ASHviz: Issue at the x-axis
Take another look at the plot in header above.
This plot aggregates ASH data by STATE_CLASS using SAMPE_TIME as the x-axis aesthetic. Take a second to think about what data points are plotted: for every distinct SAMPLE_TIME aggregate (count) all the rows (sessions) in each STATE_CLASS. How many distinct x-axis values will have one or more points plotted on the y-axis? Recall the ASH samplers on the 4 RAC instances start and operate independently, and - as we will see in later articles - they time their activities quite closely. There should thus be no overlapping in SAMPLE_TIME across instances, so each data point will be a within-instance aggregate. So just in the 40 minute period between 11:40 and 12:20 that makes 9600 distinct x-axis times:
- 60 (seconds/samples) * 40 (minutes) * 4 (instances) = 9600
The plot above suffers significant overplotting in both x and y dimensions, among other issues. It is certainly not devoid of meaning, however, and some color and point size manipulations might help better show that:
- Instances consistently have 5 or fewer active sessions on CPU
- User I/O ranges between 10 and 20 active sessions consistently
- Cluster waits are normally around 8 active sessions but experienced 2 episodes when they spiked on at least one instance
This is consistent with what we know about the workload from earlier investigations, if a bit less crisply evident.
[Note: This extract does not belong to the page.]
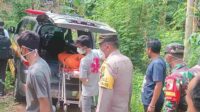 Warga Pejaten Ditemukan Meninggal di Lahan Kosong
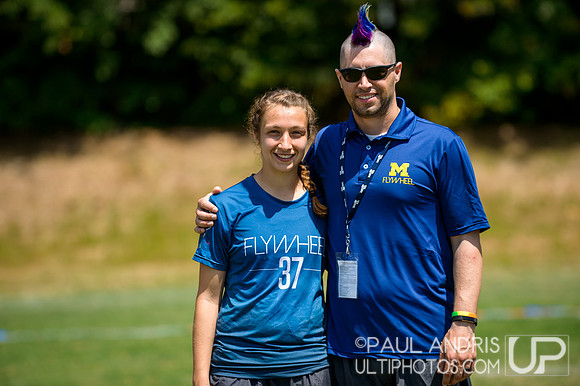 2016 D1 National Championships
OK, now I have to confess that I began these investigations using SAMPLE_ID for the x-axis rather than SAMPLE_TIME. You see, I've mostly used single instance Oracle databases, and even in RAC usually referenced the local V$ASH. So I'm used to thinking of SAMPLE_ID as a proxy for SAMPLE_TIME and with some nice properties because it is a monotonically and sequentially increasing integer (instead of an unwieldy datetime.) So for quick and dirty analyses it works quite nicely.
Look at the plot below, which simply swaps SAMPLE_ID for SAMPLE_TIME for the x-axis from the earlier plot.
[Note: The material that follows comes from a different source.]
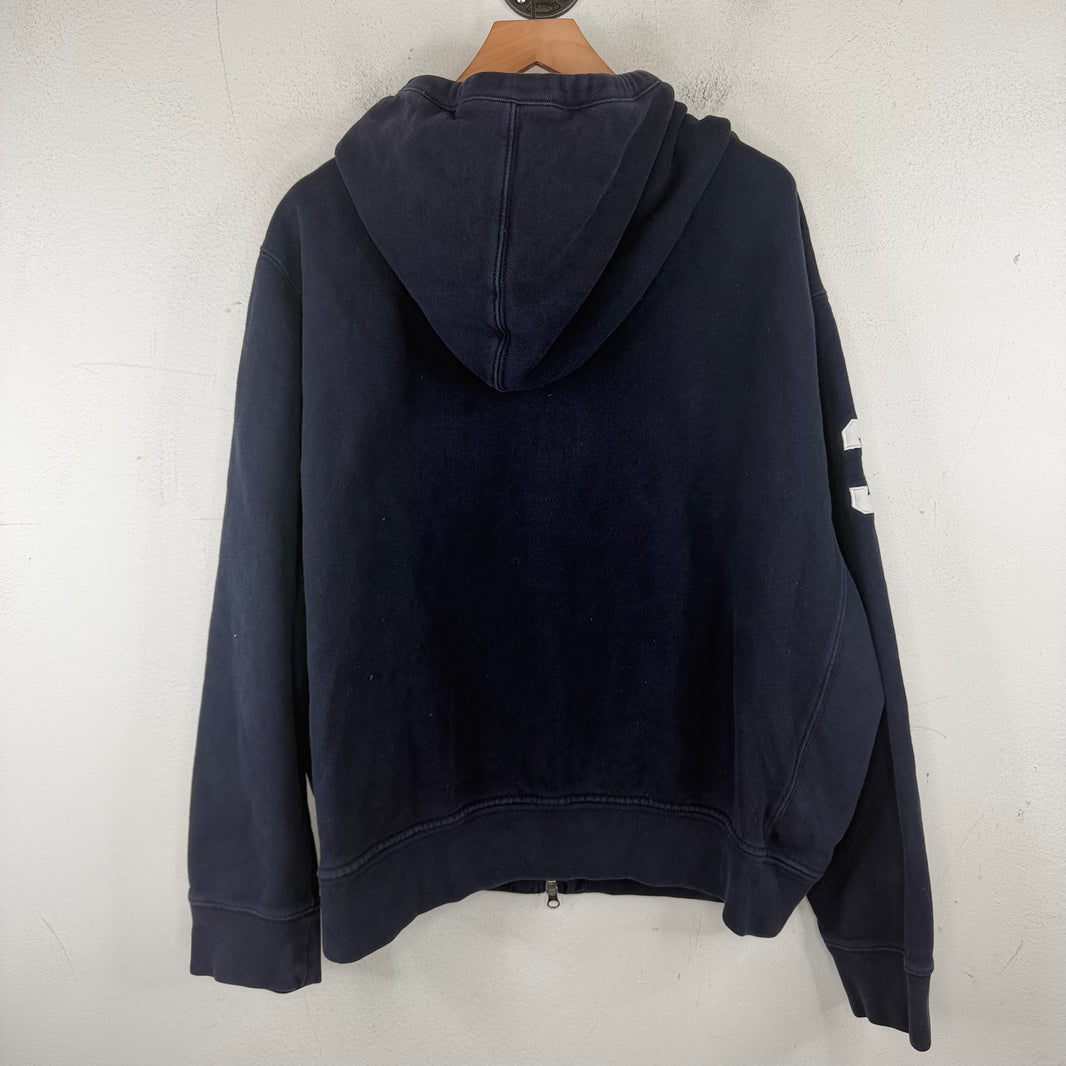 Ralph Lauren Big Horse Zip-Up Hoodie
It's kind of a featureless blob, truly a mess. What is going on? There are still the three bands of activity for CPU, Cluster wait, and User I/O wait. But notice that on the y-axis the range of these bands is about 4x the corresponding range on the earlier plot, and there are exactly 4 instances. So SAMPLE_ID must be common across the 4 independent streams of samples and the values for 4 instances are aggregated together for each. Completely absent from this plot is any sense of one or more incidents or unusual activity, so the picture is almost useless.
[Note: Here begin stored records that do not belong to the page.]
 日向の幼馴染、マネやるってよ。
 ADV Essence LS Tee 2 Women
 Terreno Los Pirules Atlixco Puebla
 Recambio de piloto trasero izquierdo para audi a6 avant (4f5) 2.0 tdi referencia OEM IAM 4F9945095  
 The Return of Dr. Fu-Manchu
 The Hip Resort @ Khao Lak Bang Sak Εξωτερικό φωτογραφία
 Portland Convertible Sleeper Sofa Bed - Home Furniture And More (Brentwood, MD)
In the first plot instance activity was separated on the x-axis because sample times were distinct, in the second activity was aggregated across instances because SAMPLE_ID is common. So a confusing aggregation was introduced by carelessly choosing x-axis and not being fully cognizant of the shared SAMPLE_ID.
In this plot we separate by instance using color but keep using SAMPLE_ID as the x-axis:
Now some of the familiar structure emerges. Notice there seem to be 4 activity peaks, and these seem to show instances 1 and 2 peaking together twice and instances 3 and 4 peaking together twice. Curious. Since our prior investigation showed the peaks happening together on all instances at the same TIME, does this mean that the same SAMPLE_ID occurs close in time for instances 1 and 2, and likewise for instances 3 and 4? Just what is going on between SAMPLE_ID and SAMPLE_TIME anyway?
To answer this I created a simple yet informative visualization: a line chart plotting SAMPLE_TIME on x-axis and SAMPLE_ID on y-axis, coloring by instance.
Indeed, instances 1 and 2 form a pair and likewise instances 3 and 4, and the nature of their pairing is just as we surmised: generating the same SAMPLE_ID very closely in time. However, the two groups generate the same SAMPLE_ID some 5 minutes apart from each other. This largely answers why the earlier plot was such a mess: it was aggregating together activity on x-axis that did not happen concurrently. Time-shifted aggregation, meaningless.
So what are the take aways from this excursion? Well, certainly to not use SAMPLE_ID as a proxy for time and especially in RAC contexts where SAMPLE_ID from different instances will be offset in time, perhaps significantly. Some x-axis aggregation should always be done (especially in RAC contexts) to provide a unified time line. Aggregating 60 samples into minute-by-minute views of ASH is a favorite strategy, and the notebook ASH data frame provides the MINIT column for just this purpose.
When using ggplot the first two decisions to make relative to a visualization are:
- what data frame to plot?
- what variable is the x-axis?
Another lesson here: don't rush into plotting a visualization without being fully mindful of the x-axis.